[Recorded data]
+ + + + + + +

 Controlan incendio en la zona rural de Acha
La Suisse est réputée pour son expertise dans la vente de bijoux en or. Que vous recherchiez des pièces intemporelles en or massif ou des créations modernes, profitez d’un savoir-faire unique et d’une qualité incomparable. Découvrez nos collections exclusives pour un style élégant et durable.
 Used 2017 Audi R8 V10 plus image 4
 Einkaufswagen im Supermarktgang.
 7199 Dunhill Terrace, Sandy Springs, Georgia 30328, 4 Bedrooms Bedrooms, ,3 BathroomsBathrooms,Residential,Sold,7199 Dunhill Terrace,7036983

+ + + + + + +

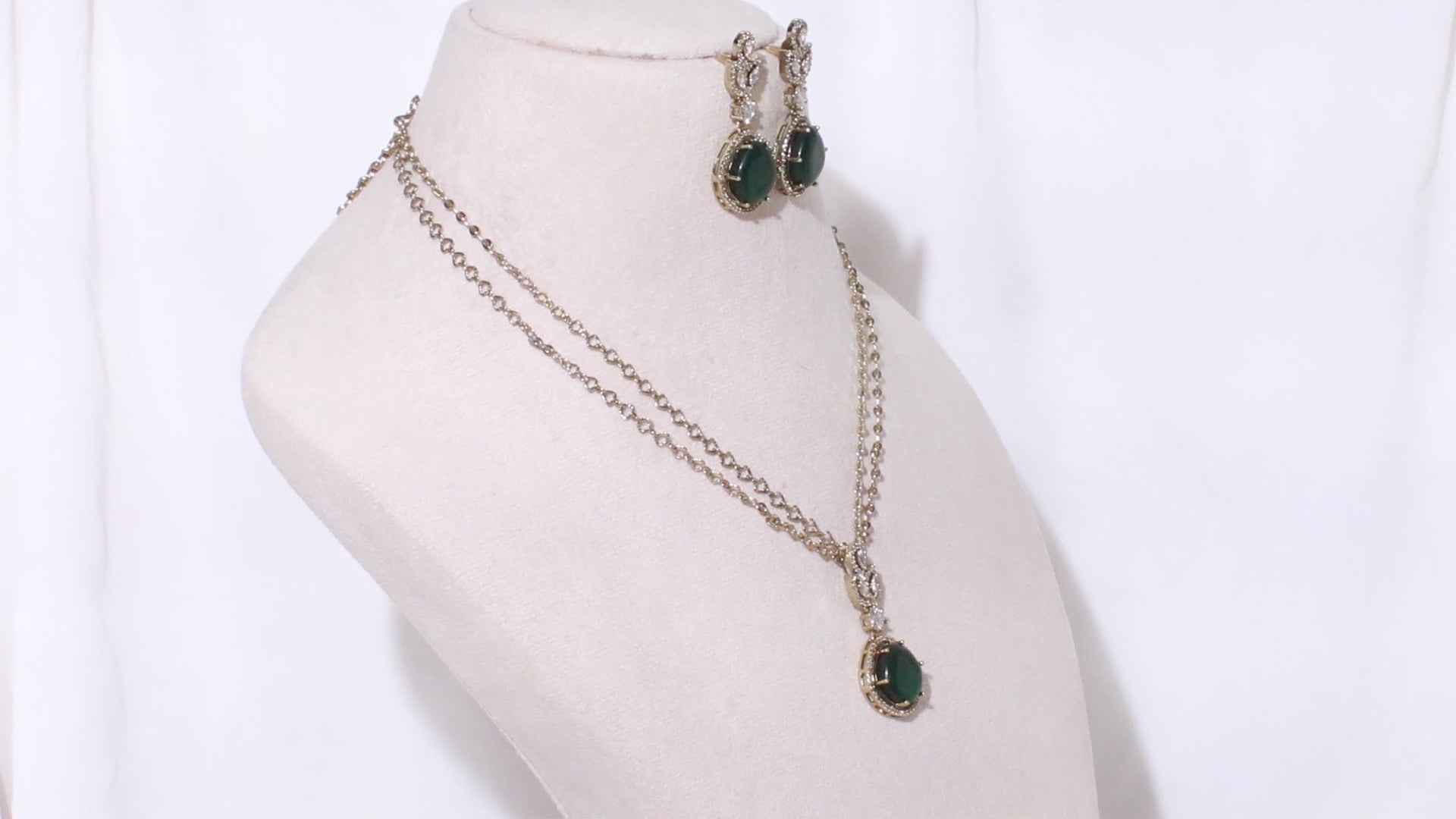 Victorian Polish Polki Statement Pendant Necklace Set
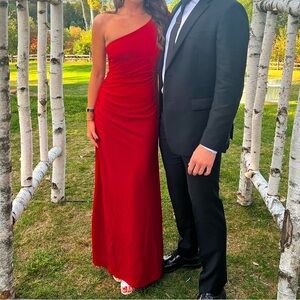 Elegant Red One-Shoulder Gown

+ + + + + + +

[What you should do]
Where the line holding "Controlan incendio en la zona rural de Acha" appears in the listing above, start reproducing exactly, and end with the line holding "7199 Dunhill Terrace, Sandy".

[Result of the exercise]
 Controlan incendio en la zona rural de Acha
La Suisse est réputée pour son expertise dans la vente de bijoux en or. Que vous recherchiez des pièces intemporelles en or massif ou des créations modernes, profitez d’un savoir-faire unique et d’une qualité incomparable. Découvrez nos collections exclusives pour un style élégant et durable.
 Used 2017 Audi R8 V10 plus image 4
 Einkaufswagen im Supermarktgang.
 7199 Dunhill Terrace, Sandy Springs, Georgia 30328, 4 Bedrooms Bedrooms, ,3 BathroomsBathrooms,Residential,Sold,7199 Dunhill Terrace,7036983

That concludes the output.